Mam już Blakiego
Przeczytałem i:
Blakiego znałem już z Ziniola. Kilka historyjek czytałem więc w pierwotnej wersji (Bielizna, Ptaki, Gumka, Drzewo no i Lotek). Z zajawki znałem Czajnik. Czyli mniej więcej wiedziałem czego się mogę spodziewać
Z historyjek znanych z ziniola zabrakło kilku, na przykład świetnej stołówki, lecz faktycznie Mateusz dokonał dobrego wyboru. Tamte komiksy miały inny klimat, mogłyby nie pasować do nowej konwe(r)ncji. Na przykład odcinek w którym Blaki pokazuje dupę, albo pytonga (Ziniole mam teraz przed sobą, przypomniałem sobie i porównałem wszystkie epizody)
Po przeczytaniu Blakiego z ciekawością sprawdziłem, które scenariusze są Mateusza, a które Karola. No i tutaj zostałem bardzo pozytywnie zaskoczony! Scenariusze Karola podobały mi się bardziej niż sądziłem ze będą mi się podobały
(tylko Oli nie podszedł mi)
W sumie, scenariuszowo bardziej spodobał mi się set Karola niż Mateusza (z nowych rzeczy). Gdyż:
1. Rytuał - ujął mnie tylko graficznie
2. Herbata - znudziła mnie (miałem wrażenie że Mateusz parodiuje styl Karola)

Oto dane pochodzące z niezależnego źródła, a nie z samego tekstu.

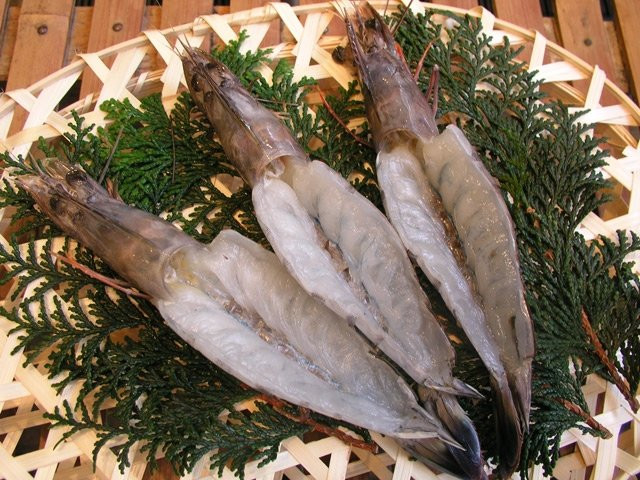 Kamatsuru Himono Shop-热海市必去景点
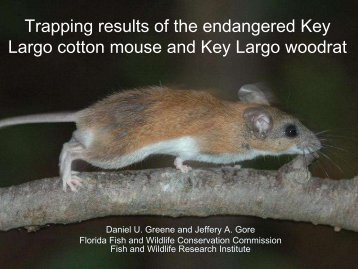 Trapping results of the endangered Key Largo cotton mouse and ...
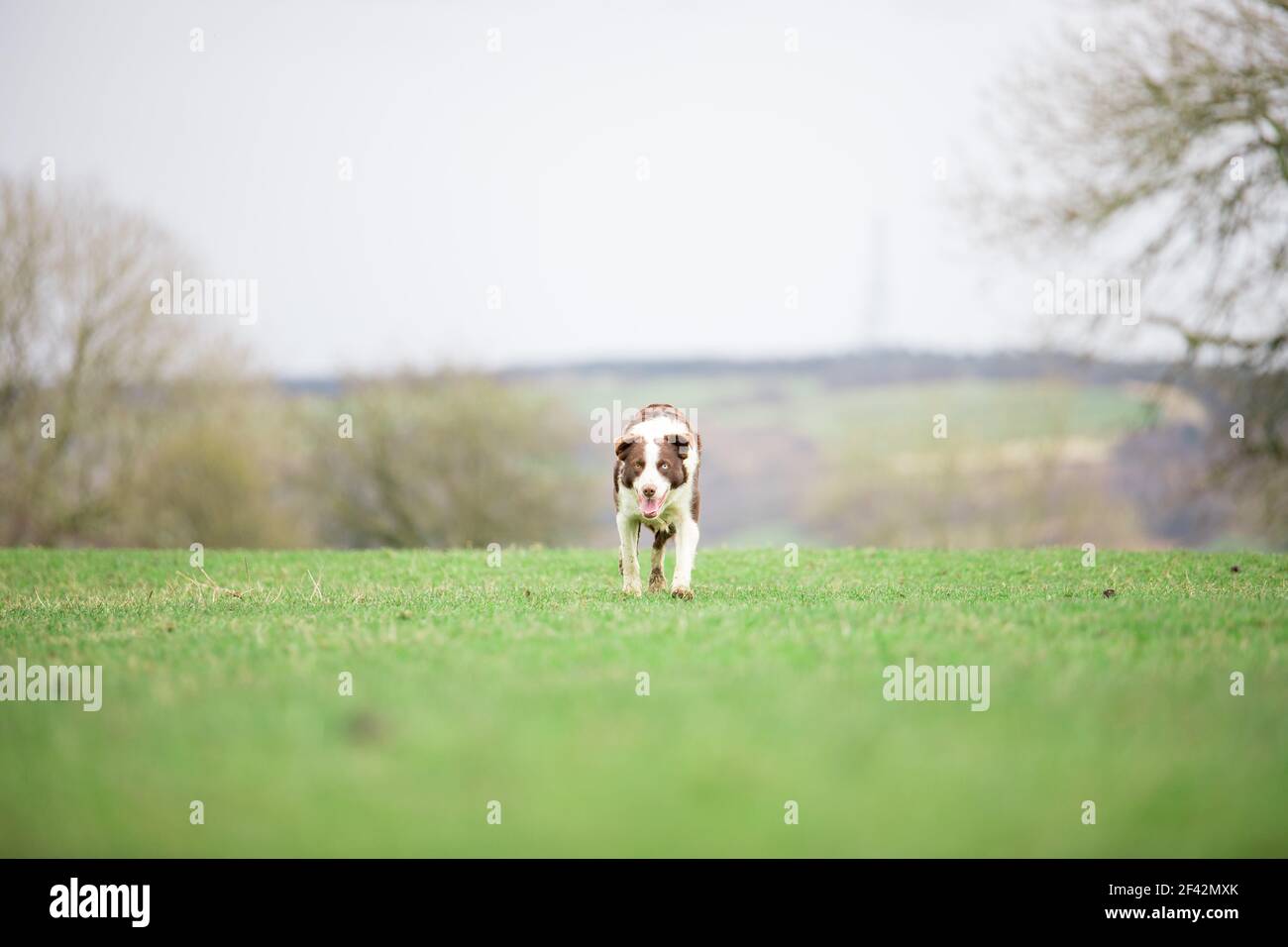 Cane da pastore di confine Collie che pastora pecore sull'erba Foto Stock
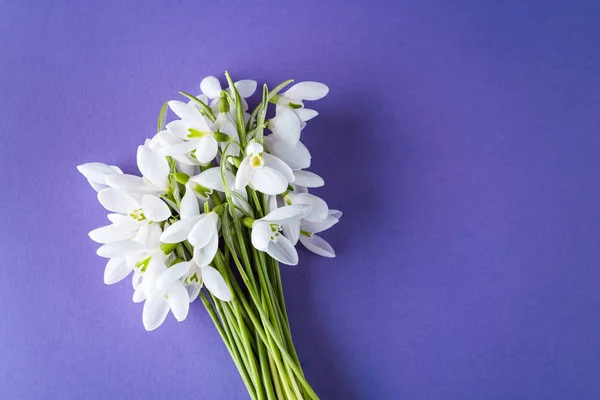 Gouttes Neige Sur Fond Lilas — Photo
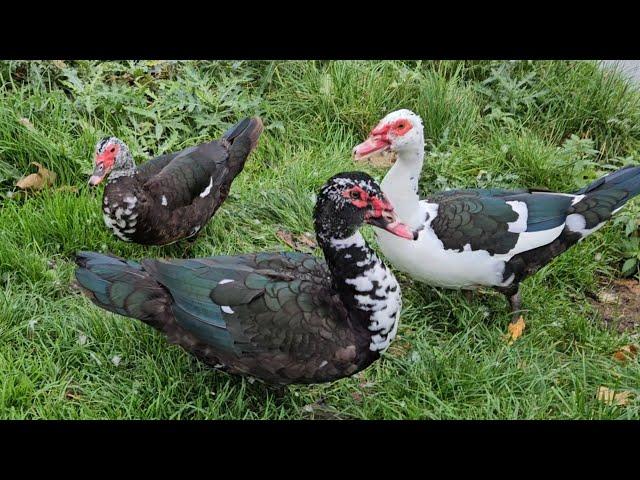 Muscovy ducks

3. Wróg - nie ruszył mnie. Od razu przewidziałem pointę. Mateusz nie zaszalał tez graficznie...
4. Nerwy - bardzo fajne
5. Wczesna wiosna - to mi nie podeszło. Myślałem, że scenar napisał Karol. I się miło rozczarowałem
A Karolowe:
1. Wieczorny -
2. Odjazdy -
3. Dziewięć żyć - !!!
Najlepsza moim zdaniem część zbiorku.
Żeby nie było nieporozumień - Wiem jak Karol pisze scenariusze. Reżyserem był Mateusz. Blaki to Mateusz (scenki w pracy, Blaki rysujący komiksy...).
Porównałem tylko historyjki których wcześniej nie znałem. Całością jestem zachwycony. Graficznie "odświerzony" Blaki trafia w moje gusta bardziej niż stara wersja.
Scenariusze Karola podobają mi się bardziej z tego powodu, że sa bardziej intymne, ciepłe. Blaki Skutnika to kontestujący ironizujący zmuł. Blaki Konwerskiego jest bardziej wrażliwy.
Chłopaki! (Mateusz, Karol, timof) dziękuję Wam za ten komiks.